### [SOURCE DATA]
——————
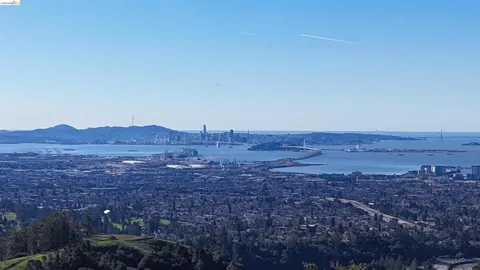 6100 Skyline Blvd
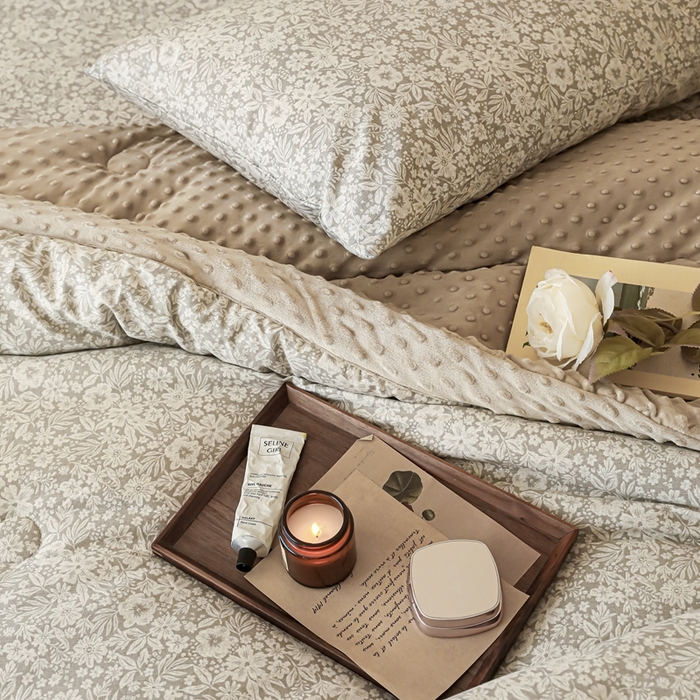 91家纺网 家纺一手货源 找家纺 星期八 2024新款复古碎花全棉豆豆被 芳华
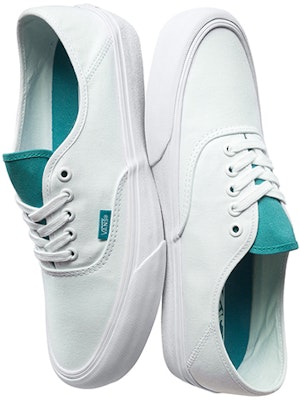 Vans Authentic SF "ホワイト/ラティゴベイ" VN0A3MU6T1Y Lookbook Vans Authentic SF "ホワイト/ラティゴベイ" VN0A3MU6T1Y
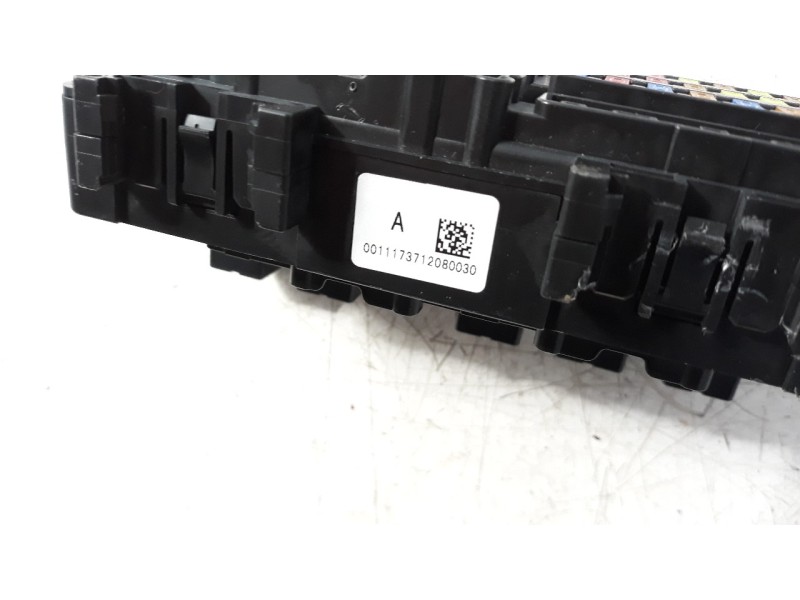 Recambio de caja reles / fusibles para infiniti q50 3.5 v6 cat (híbrido) referencia OEM IAM 0011173712080030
——————
Return the listing unchanged except for the pictures, which should be dropped.

 6100 Skyline Blvd
 91家纺网 家纺一手货源 找家纺 星期八 2024新款复古碎花全棉豆豆被 芳华
 Vans Authentic SF "ホワイト/ラティゴベイ" VN0A3MU6T1Y Lookbook Vans Authentic SF "ホワイト/ラティゴベイ" VN0A3MU6T1Y
 Recambio de caja reles / fusibles para infiniti q50 3.5 v6 cat (híbrido) referencia OEM IAM 0011173712080030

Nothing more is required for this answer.